Réalisée dans de bonnes conditions et avec sérieux, l’épreuve de philosophie peut en effet être vécue, non comme un simple exercice scolaire, mais comme une aventure intellectuelle. Dans un ouvrage de corrigés de dissertation intitulé Problématiques philosophiques, Bernard Baas, professeur, montre que l’exercice philosophique n’est jamais « l’application aveugle de quelques recettes ». Il faut l’entendre, dit-il, au sens du verbe latin exercere, « qui signifie “mettre en mouvement”, “tenir en haleine”, “ne pas laisser en repos”, donc, littéralement “inquiéter” ». Ainsi considérée, l’épreuve n’est pas un exposé ennuyeux de doctrines mais bien une invitation au « courage intellectuel ».

Via la dissertation philosophique, “on propose [aux] jeunes de ces questions qui ont plus d’une fois ébranlé le monde” Alain, philosophe

Via la dissertation philosophique, « on propose [aux] jeunes de ces questions qui ont plus d’une fois ébranlé le monde », écrit le philosophe Alain dans ses Propos sur l’éducation. Les interroger sur des thèmes comme « religion, justice, échelle des valeurs, civilisation, destinée de l’homme », invite, dit-il, à « secouer l’arbre », c’est-à-dire à les bousculer pour leur permettre de découvrir, au détour d’une question, une idée détonante, ou curieuse, qui leur donne l’envie d’aller plus loin. L’exercice de la dissertation est alors capable de mettre au jour certains scandales et d’ébranler, voire d’indigner profondément celui qui s’y prête avec intérêt.

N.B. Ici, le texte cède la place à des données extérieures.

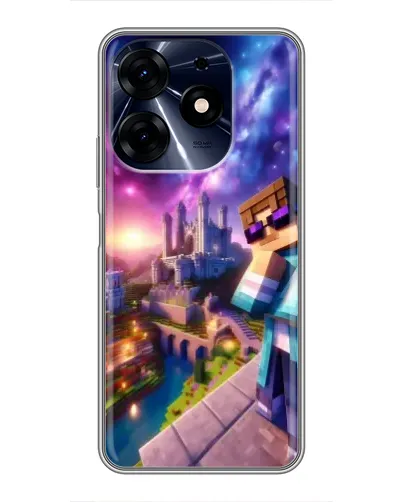Чехол для TECNO Spark 10 Pro с картинкой «Стив и космос»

« Penser, c’est dire non », affirme à ce titre Alain dans une célèbre formule des Propos sur le pouvoir. L’exercice de pensée philosophique correspond en ce sens à ce que le philosophe appelle « réfléchir », ce qui consiste à « nier ce que l’on croit ». Il peut alors devenir, entre autres, une manière d’échapper aux illusions et aux mensonges « du tyran » ou du « prêcheur ».